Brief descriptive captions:

- - - - -

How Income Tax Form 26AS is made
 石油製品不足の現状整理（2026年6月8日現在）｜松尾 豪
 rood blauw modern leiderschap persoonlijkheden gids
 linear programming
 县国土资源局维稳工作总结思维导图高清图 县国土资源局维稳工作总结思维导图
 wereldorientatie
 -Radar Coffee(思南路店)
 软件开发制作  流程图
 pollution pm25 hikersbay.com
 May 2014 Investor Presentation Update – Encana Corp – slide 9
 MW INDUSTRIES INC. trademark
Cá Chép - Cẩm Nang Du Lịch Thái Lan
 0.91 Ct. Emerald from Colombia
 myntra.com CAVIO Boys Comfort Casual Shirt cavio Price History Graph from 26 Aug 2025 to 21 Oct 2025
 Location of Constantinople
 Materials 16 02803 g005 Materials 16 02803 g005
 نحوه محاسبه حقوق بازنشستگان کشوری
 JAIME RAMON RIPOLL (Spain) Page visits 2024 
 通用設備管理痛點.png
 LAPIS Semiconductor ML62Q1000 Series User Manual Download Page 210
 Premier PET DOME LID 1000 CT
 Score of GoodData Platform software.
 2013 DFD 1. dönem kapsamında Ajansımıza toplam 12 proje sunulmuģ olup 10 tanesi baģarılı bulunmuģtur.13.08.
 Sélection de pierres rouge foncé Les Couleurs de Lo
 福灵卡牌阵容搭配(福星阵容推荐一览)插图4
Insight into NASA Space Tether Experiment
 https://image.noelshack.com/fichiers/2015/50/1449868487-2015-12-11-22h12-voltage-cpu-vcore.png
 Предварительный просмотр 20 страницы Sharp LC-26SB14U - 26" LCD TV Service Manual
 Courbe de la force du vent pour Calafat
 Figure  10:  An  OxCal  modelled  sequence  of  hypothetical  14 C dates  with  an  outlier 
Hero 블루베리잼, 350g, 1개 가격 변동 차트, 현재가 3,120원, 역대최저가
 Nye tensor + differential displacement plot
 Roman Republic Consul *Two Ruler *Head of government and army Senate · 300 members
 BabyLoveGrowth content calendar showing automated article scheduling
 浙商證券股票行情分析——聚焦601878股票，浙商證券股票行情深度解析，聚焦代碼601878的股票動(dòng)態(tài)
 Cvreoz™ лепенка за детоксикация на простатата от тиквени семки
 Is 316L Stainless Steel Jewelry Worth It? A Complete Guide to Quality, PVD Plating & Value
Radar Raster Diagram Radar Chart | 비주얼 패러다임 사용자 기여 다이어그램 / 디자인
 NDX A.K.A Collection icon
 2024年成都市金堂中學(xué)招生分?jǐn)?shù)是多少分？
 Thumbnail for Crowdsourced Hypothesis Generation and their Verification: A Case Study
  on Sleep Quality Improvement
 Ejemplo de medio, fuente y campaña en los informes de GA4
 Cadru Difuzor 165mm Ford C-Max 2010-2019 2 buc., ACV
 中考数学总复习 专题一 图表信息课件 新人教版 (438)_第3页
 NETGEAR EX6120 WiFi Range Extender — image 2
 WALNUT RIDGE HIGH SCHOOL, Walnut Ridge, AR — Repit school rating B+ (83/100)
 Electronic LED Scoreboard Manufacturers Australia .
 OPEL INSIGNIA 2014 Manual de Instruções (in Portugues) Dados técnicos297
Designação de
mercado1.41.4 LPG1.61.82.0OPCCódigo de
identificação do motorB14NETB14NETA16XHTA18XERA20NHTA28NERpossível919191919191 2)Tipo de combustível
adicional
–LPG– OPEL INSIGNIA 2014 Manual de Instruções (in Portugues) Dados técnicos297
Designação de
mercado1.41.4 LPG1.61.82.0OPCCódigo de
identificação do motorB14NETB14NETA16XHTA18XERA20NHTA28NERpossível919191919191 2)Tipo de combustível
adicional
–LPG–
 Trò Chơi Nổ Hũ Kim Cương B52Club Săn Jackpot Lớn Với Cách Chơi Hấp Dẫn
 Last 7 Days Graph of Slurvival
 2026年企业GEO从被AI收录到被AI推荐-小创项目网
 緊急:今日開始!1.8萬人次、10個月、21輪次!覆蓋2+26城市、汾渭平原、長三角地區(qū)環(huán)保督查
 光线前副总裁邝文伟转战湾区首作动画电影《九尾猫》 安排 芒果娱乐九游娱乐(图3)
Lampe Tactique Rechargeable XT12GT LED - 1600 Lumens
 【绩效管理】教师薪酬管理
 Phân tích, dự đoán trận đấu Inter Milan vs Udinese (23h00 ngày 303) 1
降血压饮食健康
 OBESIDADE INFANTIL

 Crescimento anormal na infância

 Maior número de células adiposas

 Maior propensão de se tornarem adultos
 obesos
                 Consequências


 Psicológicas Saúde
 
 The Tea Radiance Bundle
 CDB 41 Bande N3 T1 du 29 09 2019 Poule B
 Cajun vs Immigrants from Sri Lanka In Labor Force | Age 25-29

- - - - -

## WHAT YOU HAVE TO DO:
Search the records for the word "Graph" and copy every line where it occurs.

## RESPONSE TO THIS TASK:
 myntra.com CAVIO Boys Comfort Casual Shirt cavio Price History Graph from 26 Aug 2025 to 21 Oct 2025
 Last 7 Days Graph of Slurvival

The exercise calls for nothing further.